L: Com respeito ao documentário, muitos vêem de forma negativa a exposição da imagem do escritor, preferem fugir de atividades que não envolvem o ato de escrever. Acha que isso é algo inevitável? É positivo para a divulgação da literatura?

A: Acho que é positivo para a divulgação da literatura. Os documentários (dezessete, um por autor) serão exibidos na televisão e chegarão a muita gente que nunca ouviu falar do projeto, que nunca ouviu falar de mim e dos outros autores. Acho que isso não é ruim.

Por outro lado, o mercado editorial não permite que a esmagadora maioria dos escritores viva dos direitos autorais. Assim, para sobreviver é preciso recorrer a outras atividades que não envolvem diretamente o ato de escrever (palestras, por exemplo). O problema é quando essas “outras atividades” acabam se tornando mais importantes (ou visíveis) do que a literatura em si. É necessário encarar os documentários do projeto, por exemplo, como coisas acessórias. Os livros é que são importantes. Tudo deve convergir para eles. Do contrário, a coisa se torna um circo.

L: Por último, Paz na Terra Entre os Monstros, seu novo livro de contos, também sairá nesse ano, não é? Foram escritos em paralelo? Você programou uma espécie de rotina de trabalho ou ter dois livros prontos num mesmo ano foi algo circunstancial?

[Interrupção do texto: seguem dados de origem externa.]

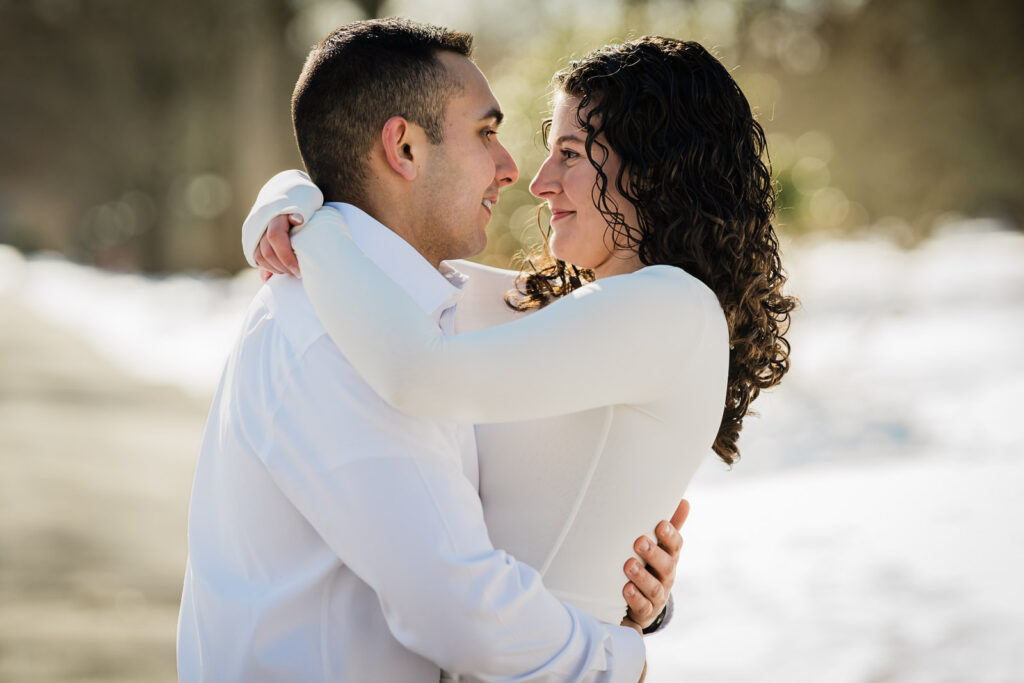 Close-up engagement portrait in winter sunlight at Skylands Botanical Garden, Ringwood NJ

A: Comecei a trabalhar em Paz na Terra Entre os Monstros em meados de 2000 e o dei como terminado em julho de 2006, quando enviei os originais para a Record. Fui convidado para o Amores Expressos em janeiro de 2007. Logo os livros não foram escritos em paralelo. O meu primeiro romance (Hoje Está um Dia Morto, Record), sim, foi escrito em paralelo a alguns dos contos de Paz na Terra Entre os Monstros, durante os anos de 2004 e 2005.

Depois de entregar os originais de Todos os Lugares Estranhos, voltei a Paz na Terra Entre os Monstros e o revisei em conjunto com o meu editor Flávio Izhaki. Alguns contos saíram, outros entraram, tudo foi retrabalhado e o livro ainda passará por duas revisões antes de ser lançado, em novembro deste ano. Caso a Companhia das Letras aprove a publicação de Todos os Lugares Estranhos, imagino que o trabalho de edição não será menos minucioso. Assim espero, pelo menos.